Les Français ont commencé à voter dimanche matin pour le premier tour d’élections régionales qui devraient se traduire par un vote sanction contre le président Nicolas Sarkozy, à mi-parcours de son mandat.

Les bureaux de vote ont ouvert à 08H00 (07H00 GMT) pour permettre à 44,2 millions d’électeurs de désigner les conseillers qui composeront les assemblées des 26 régions françaises (outre-mer compris). Il s’agit de la dernière élection intermédiaire, avant l’élection présidentielle de 2012.

«N’écoutez pas ceux qui disent que les jeux sont joués d’avance. Ne croyez pas ceux qui mélangent les sondages et les urnes», avait lancé aux dernières heures de la campagne électorale le Premier ministre François Fillon.

Avant le vote, la presse et les instituts de sondage prédisaient une cuisante défaite pour le parti présidentiel UMP (droite), qui devrait être largement devancé par les listes de gauche et écologistes.

L’UMP, le parti de Nicolas Sarkozy, était donné autour de 30%, de même que le parti socialiste (PS), principal parti d’opposition.

Mais ce dernier devrait bénéficier d’alliances avec les autres partis de gauche, écologistes en tête, en vue du second tour qui aura lieu dimanche prochain, 21 mars. Les listes Europe-Ecologie pouvaient espérer des scores compris entre 12 et 15%, selon les sondages.

La gauche, déjà nettement victorieuse lors des précédentes élections régionales de 2004, contrôle 24 des 26 régions françaises. Elle espère cette fois-ci réaliser un grand chelem, et ravir à la droite les deux régions qui lui échappent encore, l’Alsace et la Corse.

Une victoire très large de la gauche représenterait un immense succès personnel pour Martine Aubry, la dirigeante du Parti socialiste, en quête de légitimité pour s’imposer comme la meilleure candidate de son camp en 2012.

Un test politique national

Nicolas Sarkozy ne cesse de répéter que le scrutin est régional et qu’il ne peut avoir de conséquences nationales. Mais il ajoute qu’il écoutera le message que lui adresseront les électeurs.

Le président français voit, depuis des mois, sa cote de popularité chuter. Il a dû affronter la crise économique et ses conséquences sur l’emploi. Mais il a aussi été très critiqué pour sa gestion de plusieurs autres dossiers, comme celui du rapport de la société française à l’immigration, à l’occasion d’un débat sur l’identité nationale qu’il avait lui-même initié.

Selon les experts, le scrutin devait être marqué par une très forte absention, autour de 50%, en particulier parmi les électeurs de la majorité de droite. «Cela signifie de la part de l’électorat de droite un mécontentement à l’égard de la manière dont Sarkozy mène son action présidentielle», note le politologue Stéphane Rozès.

La présence sur les listes candidates de pas moins de 20 ministres accentue la dimension de test national de cette élection.

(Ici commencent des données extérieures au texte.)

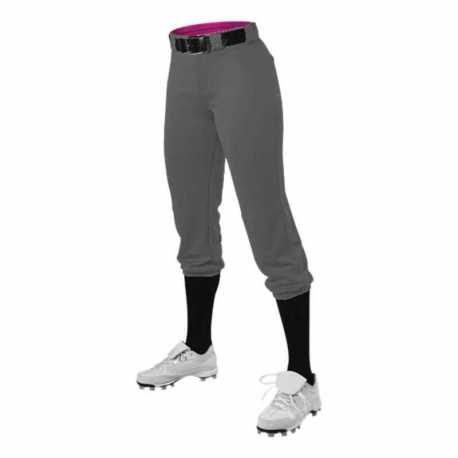 Alleson Athletic 615PSW Women's Belted Speed Premium Fastpitch Pants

Premières estimations officielles vers 20h00

A gauche, le score de Ségolène Royal dans sa région de Poitou-Charentes (ouest), rivale malheureuse de Nicolas Sarkozy en 2007, sera particulièrement surveillé. Il déterminera en partie sa capacité à peser sur la prochaine présidentielle.

Au sud-est, dans la région Provence-Côte d’Azur, le vieux chef de l’extrême droite, Jean-Marie Le Pen, livre son dernier combat électoral.

Les derniers bureaux fermeront à 20H00, heure à laquelle les chaîne de télévision publieront des estimations d’instituts de sondage, en général extrêmement proches des résultats finaux.

Ces élections régionales se disputent selon un mode de scrutin très complexe. Il s’agit d’un scrutin à la proportionnelle à deux tours, permettant des alliances entre ces deux tours et offrant une prime en nombre de sièges à la liste arrivée en tête.